Picture 1 is the best "Start with the Greeks" chart, although it is missing in background historical context IMO.
Here is pic 2, good additional historical sources and coverage of plays but too much "here's Odysseus's world xD" and incomplete coverage of Greek philosophy
See what I mean by "a synthesis is needed"? I'm terrible at editing so I don't want to do it myself
>>9799524
I've been meaning to update it anyway, "begin with the bronze age" is a good name, let's go with that.
>>9799454
aleister crowley knew about as much of the Egyptian's magical tradition as we do, ie. zero. he made shit up, you know.
he was famous for it.
>>9799094
why does everyone make "the tale of sinuhe" out to be an epic, when only about two hundred words of it survive?
>>9799970
Not an epic, just a good example of ancient poetry
>>9799626
This is the final version, for real this time.
>>9799964
Kenneth Grant wrote the book and cites authorities on ancient Egyptian religion, Crowley not included among them--his work is reserved for another section of the book.
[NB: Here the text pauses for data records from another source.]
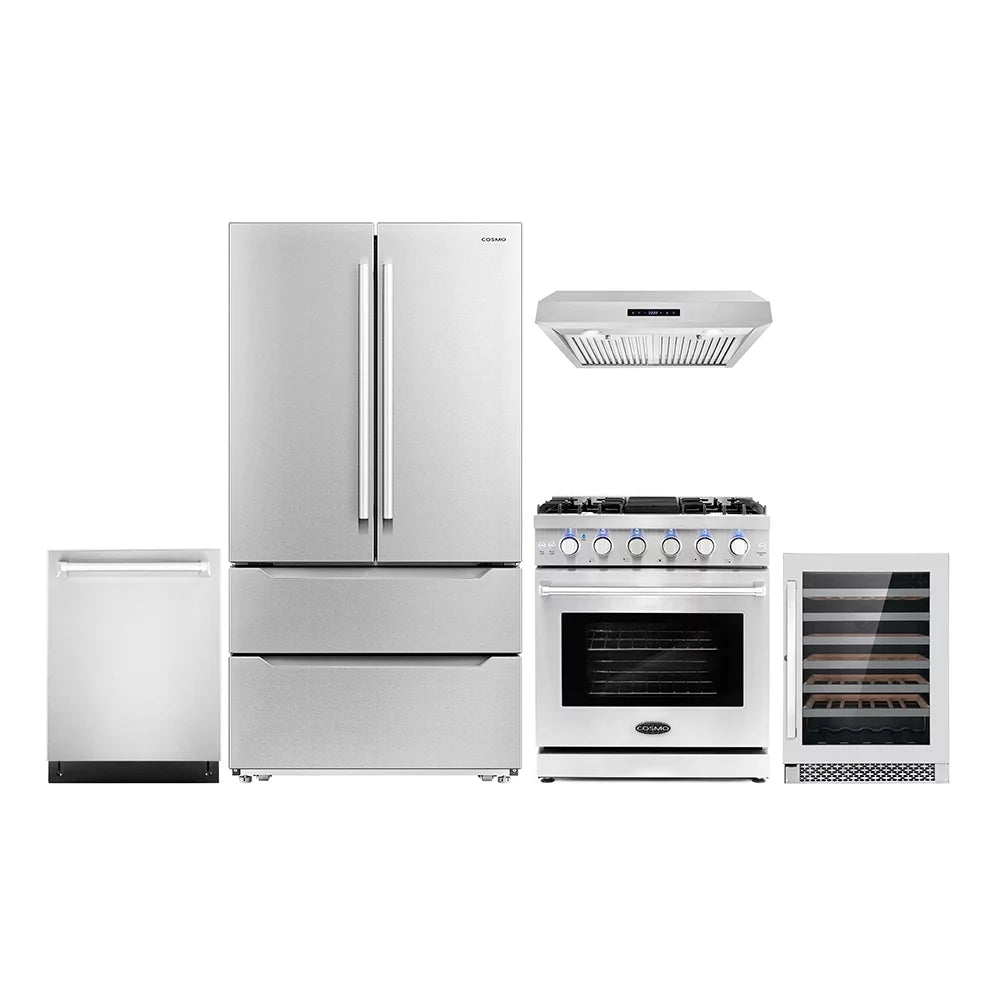 5 Piece Kitchen Appliance Package with Gas Range Dishwasher French Door Refrigerator Wine Refrigerator E250335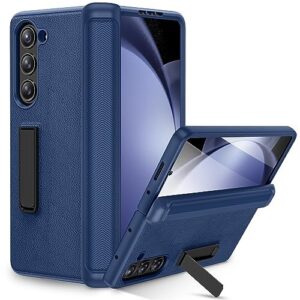 Ruky Stand Case for Samsung Galaxy Z Fold 5, Full Body Case with Built-in Screen Protector & Magnetic Hinge Protection PU Leather Protective Phone Case for Samsung Galaxy Z Fold 5 5G, Blue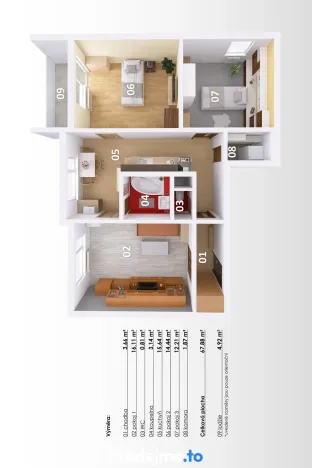 Prodej bytu 3+1, Znojmo, Horníčkova, 74 m2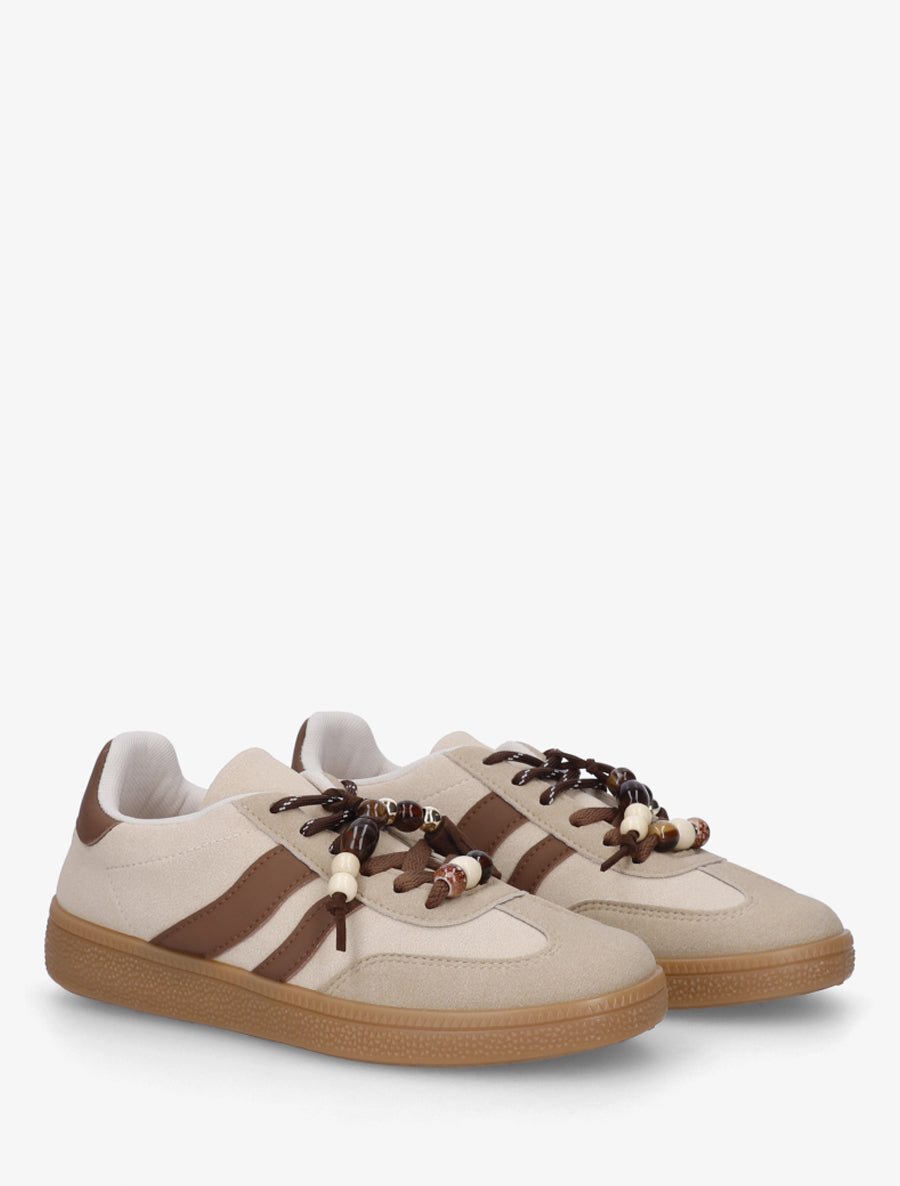 Baskets en suédine à perles - Taupe - 4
Great comment on a book you clearly haven't read, retard.
>>9800013
what changed?
>>9800013
Quick question - what made you decide to put the sumerian mythology as the starting point over the Sumerians text?
>>9800502
The rest of it is focusing on mythology and poetry, plus Sumerian Mythology is a lot shorter. I thought it made a lot more sense as a starting point, plus it provides a foundation for all the Babylonian myths better than a huge book on Sumerian society does.